╭─ MATERIALS PROVIDED
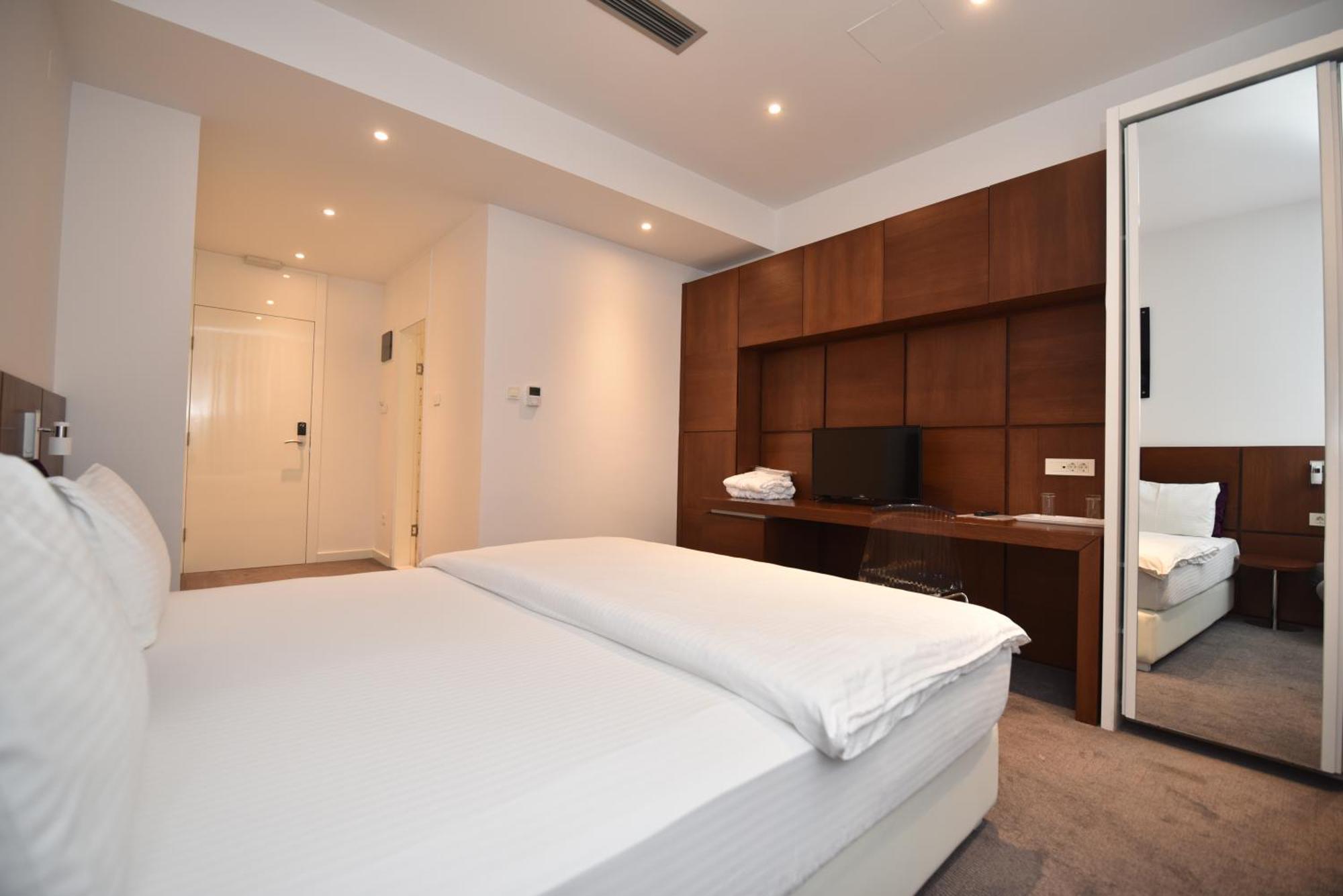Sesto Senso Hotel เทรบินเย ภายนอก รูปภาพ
╰─
╭─ MATERIALS PROVIDED
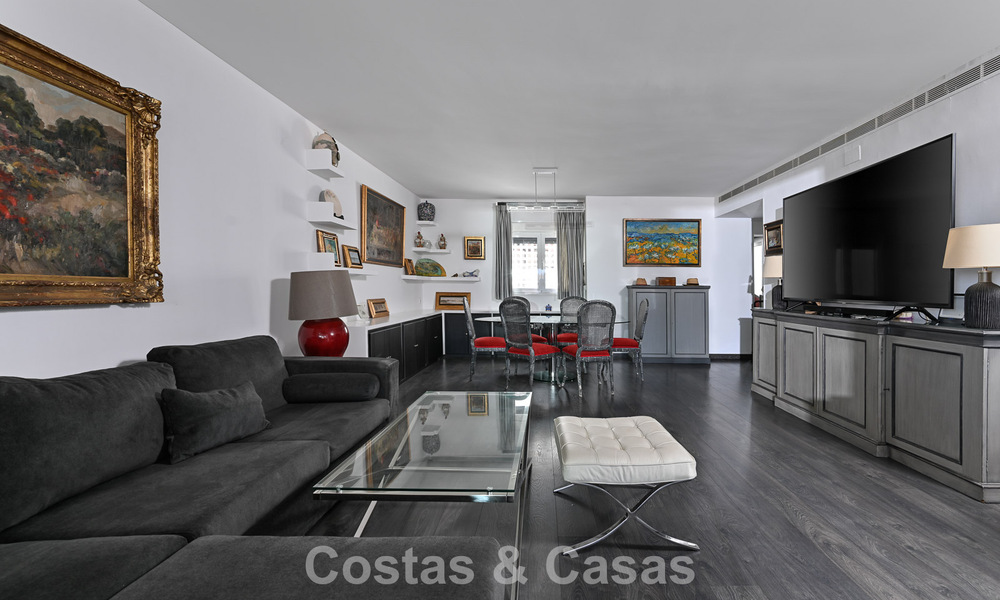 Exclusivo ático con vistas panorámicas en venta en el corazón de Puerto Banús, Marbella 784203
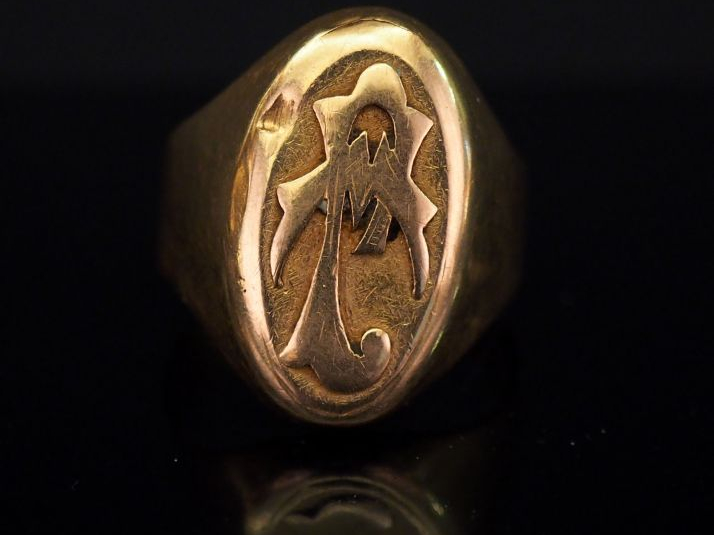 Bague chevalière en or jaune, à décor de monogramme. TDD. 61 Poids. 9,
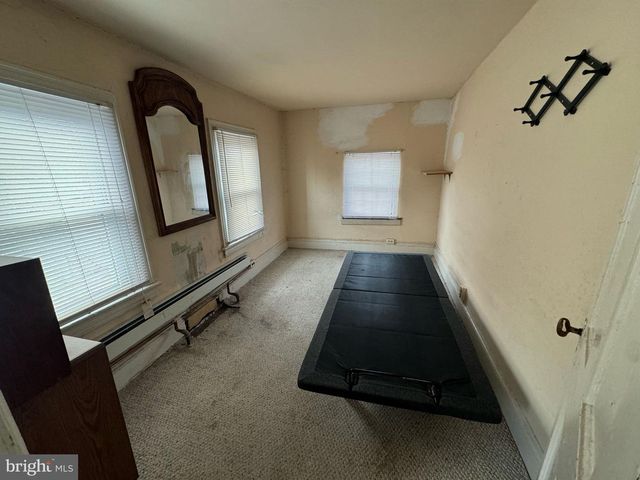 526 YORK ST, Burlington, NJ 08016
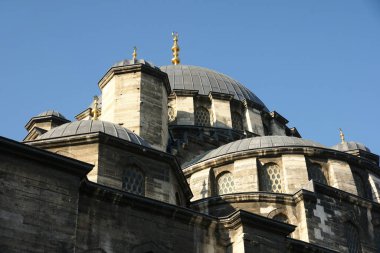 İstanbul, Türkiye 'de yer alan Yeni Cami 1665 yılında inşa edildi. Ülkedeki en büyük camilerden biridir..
╰─
╭─ MATERIALS PROVIDED
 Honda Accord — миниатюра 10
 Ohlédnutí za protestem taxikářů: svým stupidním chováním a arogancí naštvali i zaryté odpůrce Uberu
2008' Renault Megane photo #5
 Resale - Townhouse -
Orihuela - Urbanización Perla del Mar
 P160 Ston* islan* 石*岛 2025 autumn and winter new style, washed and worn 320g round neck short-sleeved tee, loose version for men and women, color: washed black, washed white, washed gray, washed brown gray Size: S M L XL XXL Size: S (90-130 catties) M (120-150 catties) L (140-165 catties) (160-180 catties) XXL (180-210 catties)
╰─
**YOUR INSTRUCTIONS**.
What you give back should be exactly the lines of the data above from the line with "Honda Accord — миниатюра 10" through the line with "P160 Ston* islan*", both of those included, and nothing more.

**TASK OUTPUT**.
 Honda Accord — миниатюра 10
 Ohlédnutí za protestem taxikářů: svým stupidním chováním a arogancí naštvali i zaryté odpůrce Uberu
2008' Renault Megane photo #5
 Resale - Townhouse -
Orihuela - Urbanización Perla del Mar
 P160 Ston* islan* 石*岛 2025 autumn and winter new style, washed and worn 320g round neck short-sleeved tee, loose version for men and women, color: washed black, washed white, washed gray, washed brown gray Size: S M L XL XXL Size: S (90-130 catties) M (120-150 catties) L (140-165 catties) (160-180 catties) XXL (180-210 catties)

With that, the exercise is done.